Tesla is splitting its stock 3 for 1, so after the close of trading on Tuesday, investors will receive two additional Tesla shares for each they owned starting August 17. In theory, that should lower Tesla’s stock price by about two-thirds before trading begins on Wednesday.
Stock splits do not make a company more valuable or profitable. Tesla joins stock market heavyweights Amazon and Google parent Alphabet in splitting their expensive shares this year. Even meme-stock darling GameStop has done a stock split.
WHY A STOCK SPLIT?
Stock splits are used by companies when their stock price becomes too high for retail investors to buy individual shares, or when a company wants more shares in the market to make them easier to trade.

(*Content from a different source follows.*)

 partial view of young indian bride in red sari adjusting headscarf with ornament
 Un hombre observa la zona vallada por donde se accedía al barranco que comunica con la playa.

Employees who hold shares of a company can also benefit if new investors drive the price up. The lower prices should also make the shares easier to sell.
Tesla shares traded for more than $1,000 when the company announced in March its intention to split its shares. That’s a bit steep for most retail investors. Some brokers allow investors to buy fractions of a share, but not all of them.

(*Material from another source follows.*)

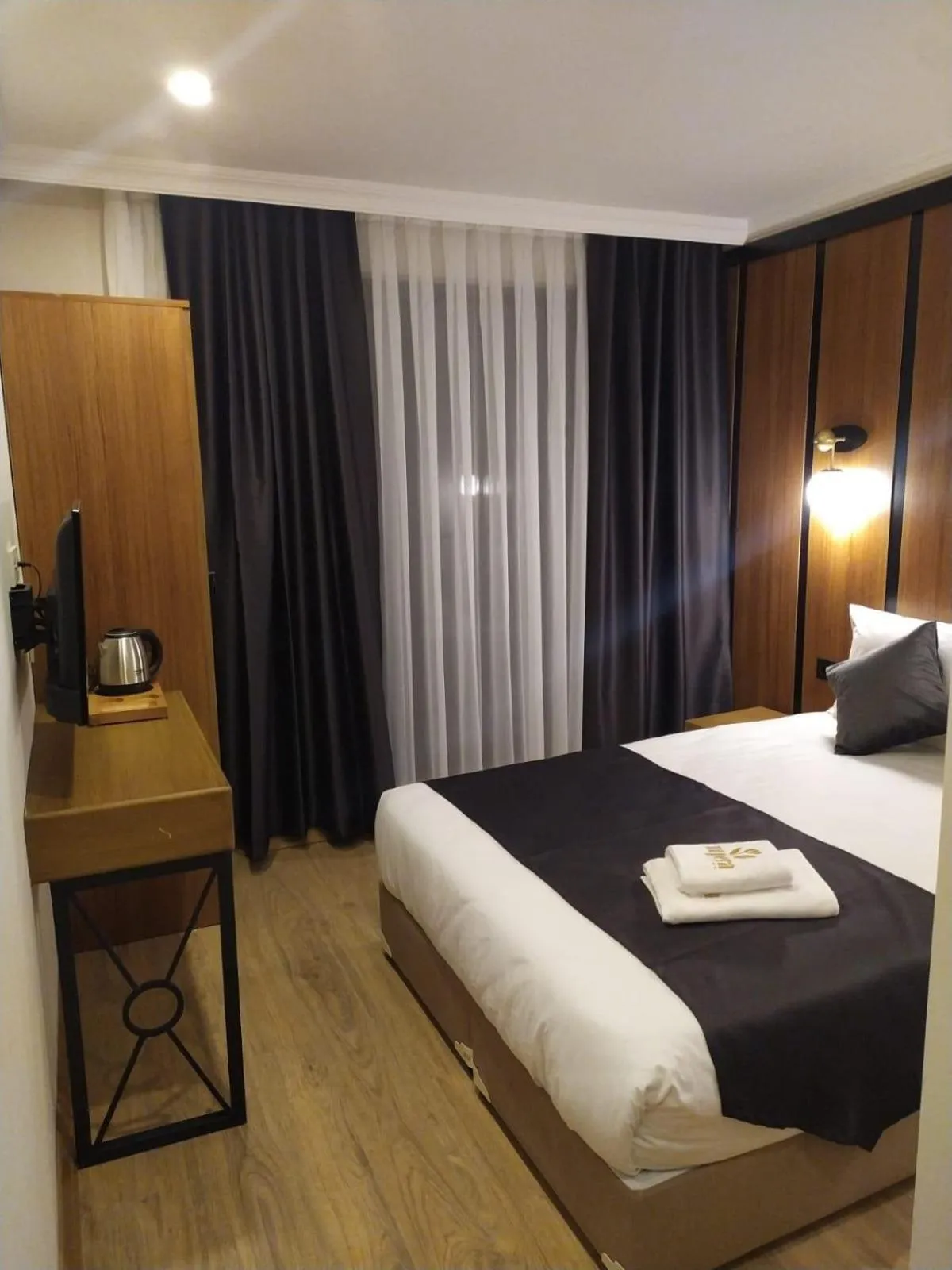 Bed in NUPERA HOTEL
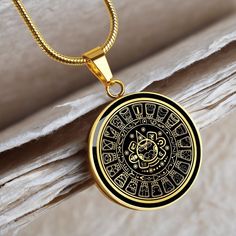 "This Aztec Mayan Calendar Necklace Is the Perfect Gift for all those Mayan lovers, Whether for Yourself or a Loved One.  Explore all our Witchcraft jewelry here: https://www.etsy.com/in-en/shop/SymbolicPresent?ref=seller-platform-mcnav§ion_id=22613465 ➜ Our jewelry is made of high-quality surgical steel with a shatterproof liquid glass coating and an 18k gold finish option. ➜ Engrave onto the back of the Aztec Mayan Calendar pendant your loved one's name, your wedding date, an anniversary, or a Symbolic Stainless Steel Medallion Jewelry, Stainless Steel Round Amulet Jewelry, Vintage Stainless Steel Box Chain Jewelry, Spiritual Stainless Steel Jewelry, Spiritual Stainless Steel Jewelry Round Shape, Handmade Stainless Steel Medallion Jewelry, Stainless Steel Amulet Necklace For Gift, Spiritual Stainless Steel Locket Jewelry, Spiritual Round Stainless Steel Necklaces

Companies that split their stocks tend to outperform the broader market in the three-, six- and 12-month periods following the announcement of a split, according to a BofA Global Research report released in March. Since 1980, the 12-month performance of companies that split their shares, the S . more than doubled&P500s.
HOW’S IT DOING WITH TESLA’S STOCK?
Tesla shares closed at $889.36 on Tuesday and are down about 16% this year. A price around $296, while still not exactly cheap, could entice more investors to buy the stock.

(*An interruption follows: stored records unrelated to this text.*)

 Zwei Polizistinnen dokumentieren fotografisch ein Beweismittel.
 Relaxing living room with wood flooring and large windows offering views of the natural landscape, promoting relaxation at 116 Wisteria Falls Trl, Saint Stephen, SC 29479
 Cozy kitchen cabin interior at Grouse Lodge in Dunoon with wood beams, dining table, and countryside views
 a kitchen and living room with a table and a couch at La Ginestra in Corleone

Every investor in Tesla is betting in part on the company’s mercurial CEO, Elon Musk, who has managed to make Tesla the world’s most valuable automaker and himself the richest man in the world, according to Forbes.
But the ride can get bumpy with Musk at the wheel. In April, Musk struck a deal to buy social media platform Twitter. Some Tesla investors sold their shares, fearing that Musk would be distracted from running Tesla if the deal went through. Shares fell to $620 in late May.
Musk has since made a U-turn and wants out of the deal. The dispute will go to court in October. Tesla stock started to recover in July, boosted by better-than-expected second-quarter results and a general uptrend in the stock market.
HAVE OTHER KEY COMPANIES SPLIT THEIR STOCK?
Amazon and Alphabet, Google’s parent company, have each split their shares 20-for-1 in recent months. Both companies were swept into a broad rally for major tech stocks after the initial shock of the pandemic, with their shares soaring north of $2,000.
Shares of Alphabet are up 2% since the stock split took effect on July 18, but are still down about 20% this year. Google had its slowest revenue growth in two years in the second quarter, a sign that the tailwind that propelled major tech companies during the pandemic has taken a challenging new direction.
Amazon shares are up nearly 9% since the split took effect on June 6, but like Alphabet, the company has faced challenges and its shares are down nearly 20% so far. Consumers have changed their behavior and are spending more on services and less on goods. Like many companies, Amazon has also seen its own costs rise significantly.
Even GameStop, the so-called meme stock that shot to ridiculous heights last year before falling back slightly, decided to do a stock split. Although in GameStop’s case, it had been the small investors who drove the stock up in the first place.
GameStop shares closed at $33.56 on Tuesday and are down about 6% since the split took effect, partly due to the market’s decline in recent days.